Research Area A Ottoman Empire (A7)

Dynamic Asymmetries in Transcultural Flows at the Intersection of Asia and Europe: The Case of the Early Modern Ottoman Empire

Project Leaders: Michael Ursinus, Thomas Maissen
Project Members:Abir al-Laham, Pascal Firges, Tobias Graf, Christian Roth, Gülay Tulasoğlu

Until very recently historians have tended to overemphasize a bloc distinction between a Christian and European West on the one hand and an Asian and 'Islamic' Ottoman Empire on the other.
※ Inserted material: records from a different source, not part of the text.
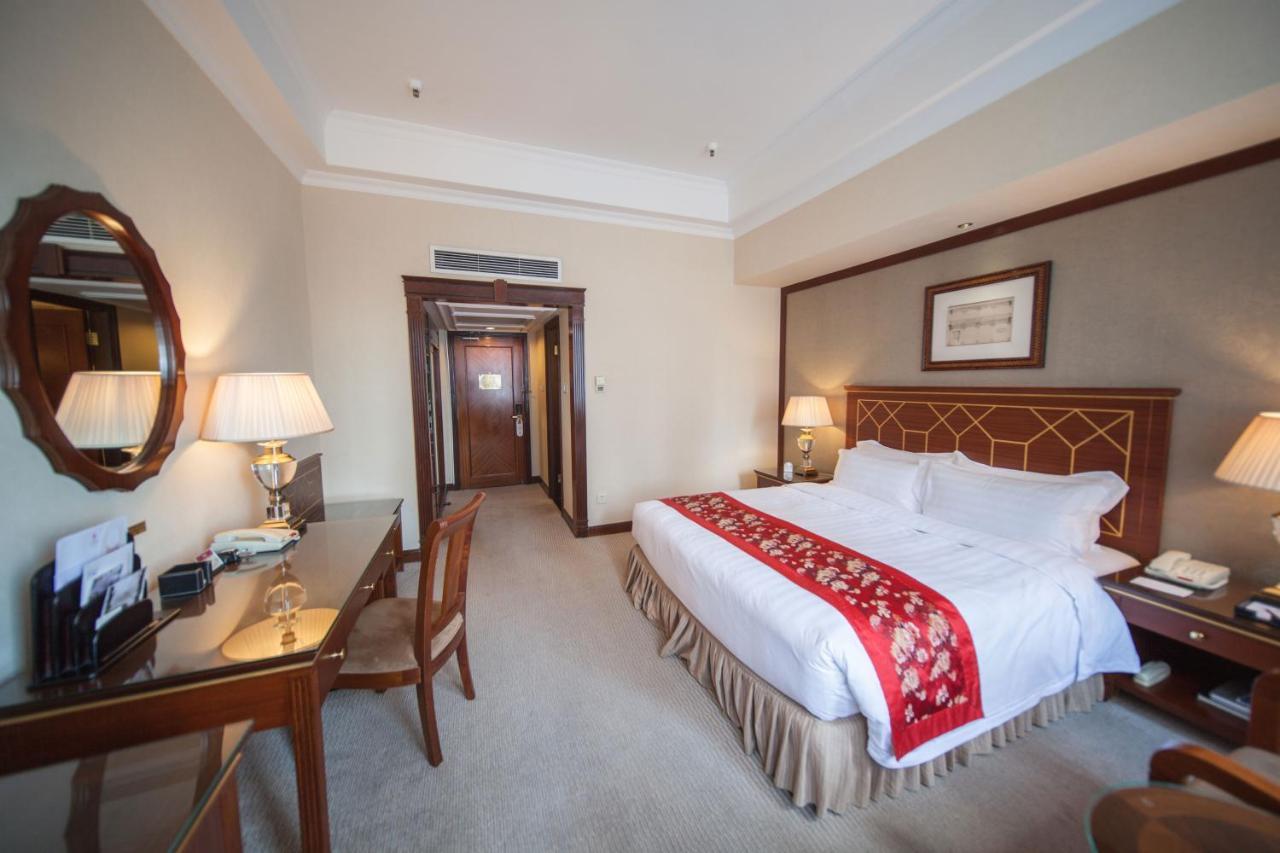 Jin Jiang Park Hotel - Hudec Excellent Historical Building - Priority Access For Classic Butterfly Cookies Without Queuing To Guests Xangai Exterior foto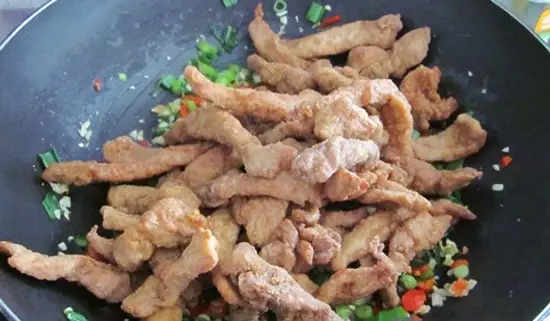 THỊT HEO CHIÊN NƯỚC MẮM LẠ MÀ NGON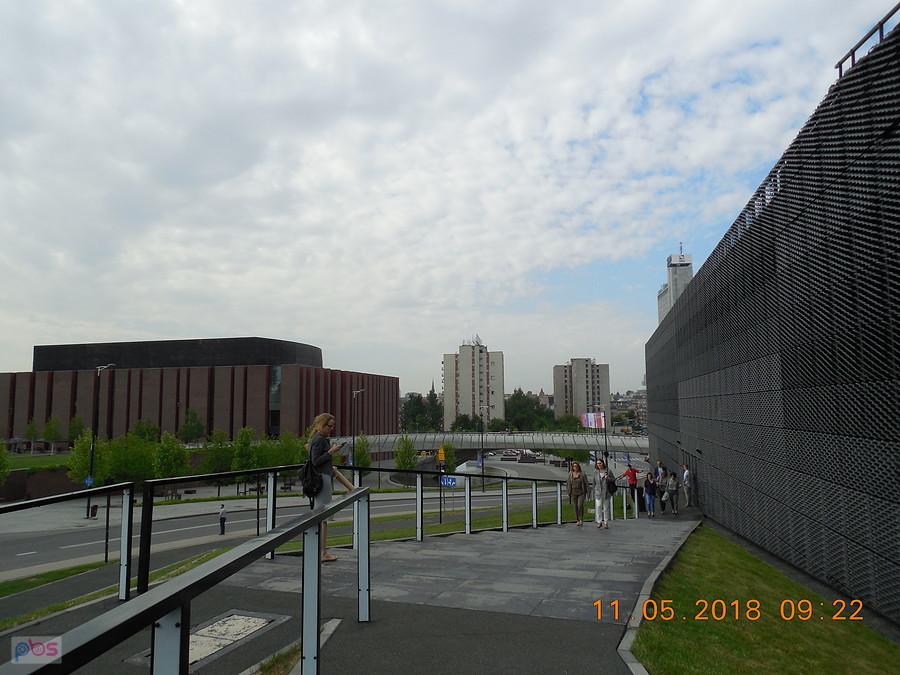 budynek NOSPR od strony Centrum Kongresowego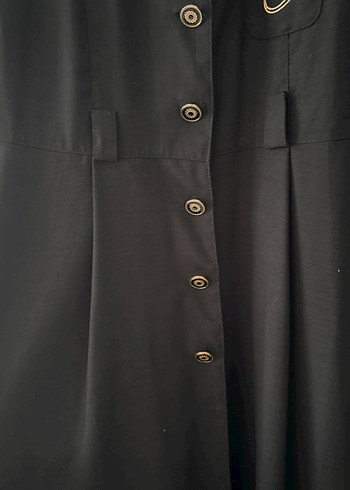 Uzun Siyah Düğmeli Kadın Ceket - Görsel 2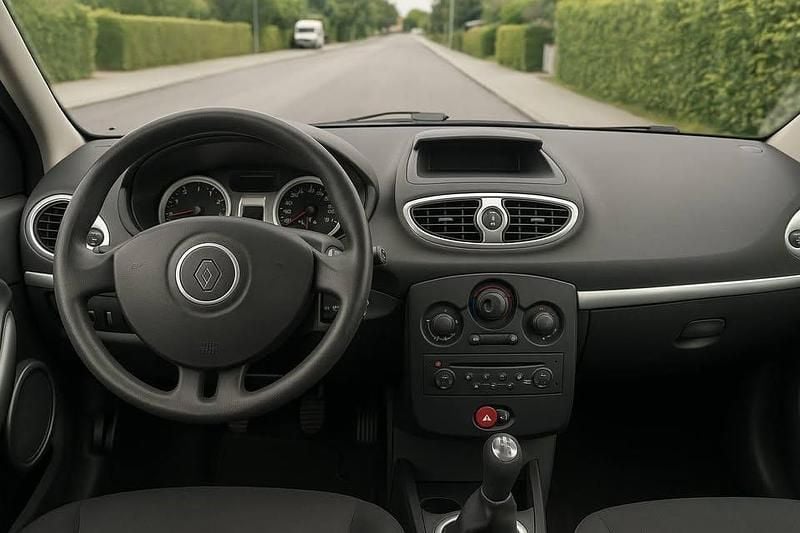 Brugt Renault Clio II 90 HK (66 kW) 2011 Blå Hatchback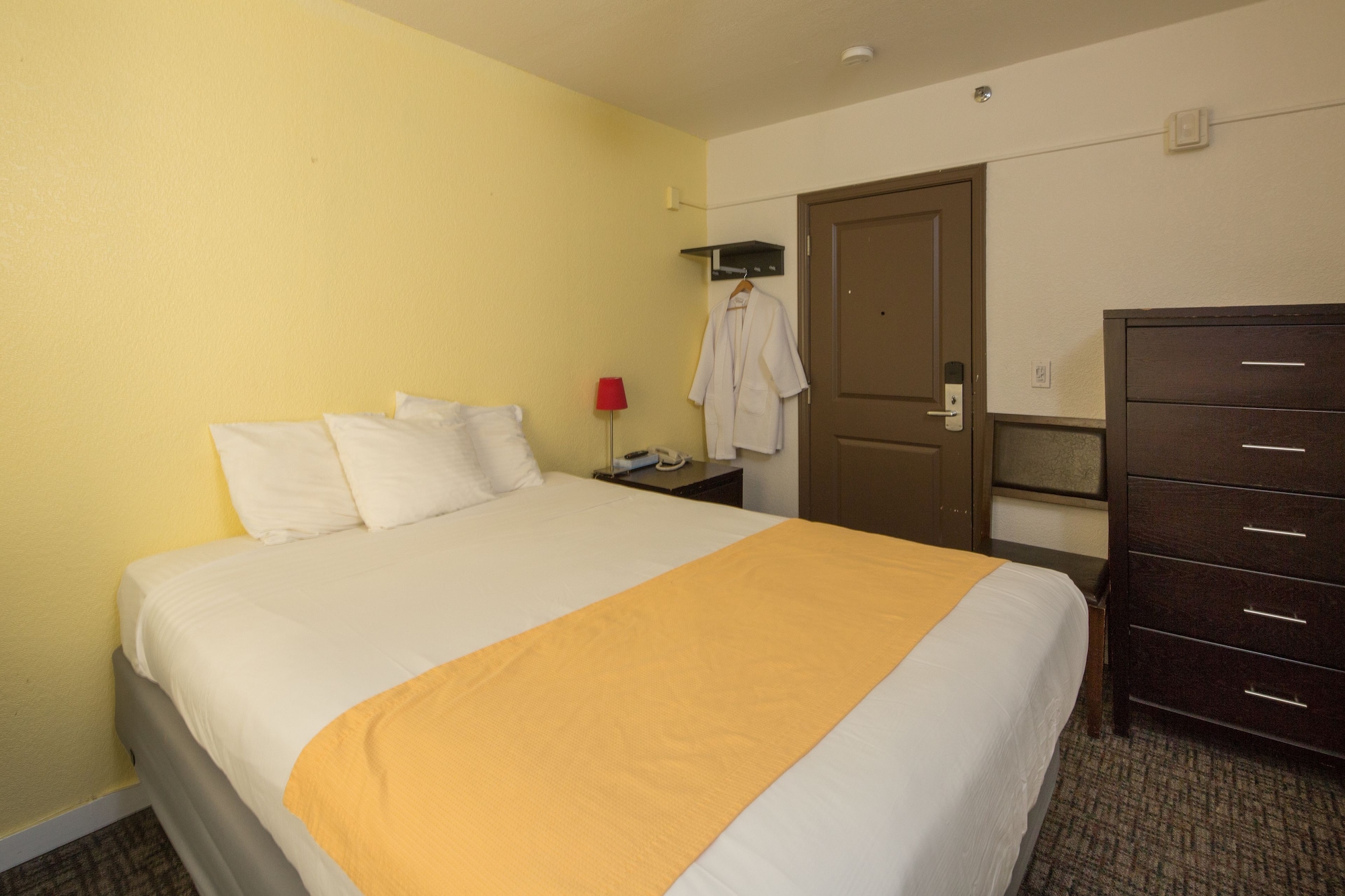 ROOM, TWIN BEDS, PRIVATE BATHROOM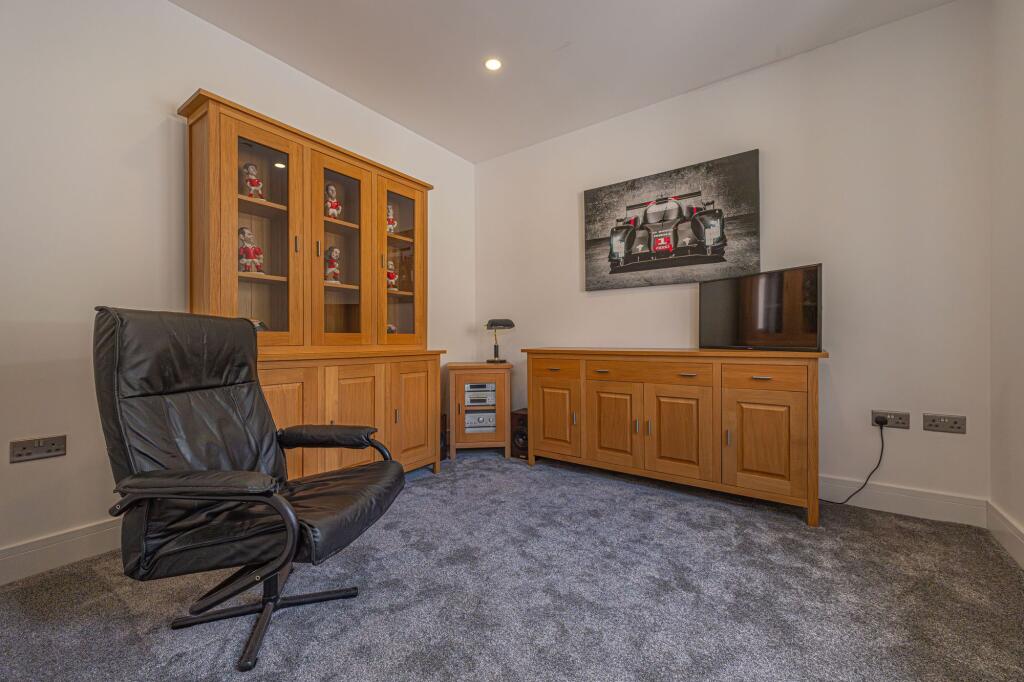 Office/Snug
Taking the notion of a shared Euro-Ottoman world as its starting point, our project and the four individual case studies of which it consisted have investigated the historical entanglements between the Ottoman Empire and its Western neighbours in the spheres of diplomacy and public policy (Pascal Firges and Gülay Tulasoğlu), the legal sphere (Christian Roth), and migration and religious conversion (Tobias Graf). Below the surface of a rhetoric of alterity, Ottomans and Christian-Europeans were often willing to learn from one another and interact in ways which proved mutually beneficial. In addition to four doctoral dissertations, some of our results and the related findings of esteemed colleagues in the field appear in a volume of collected essays which was scheduled for publication in 2013.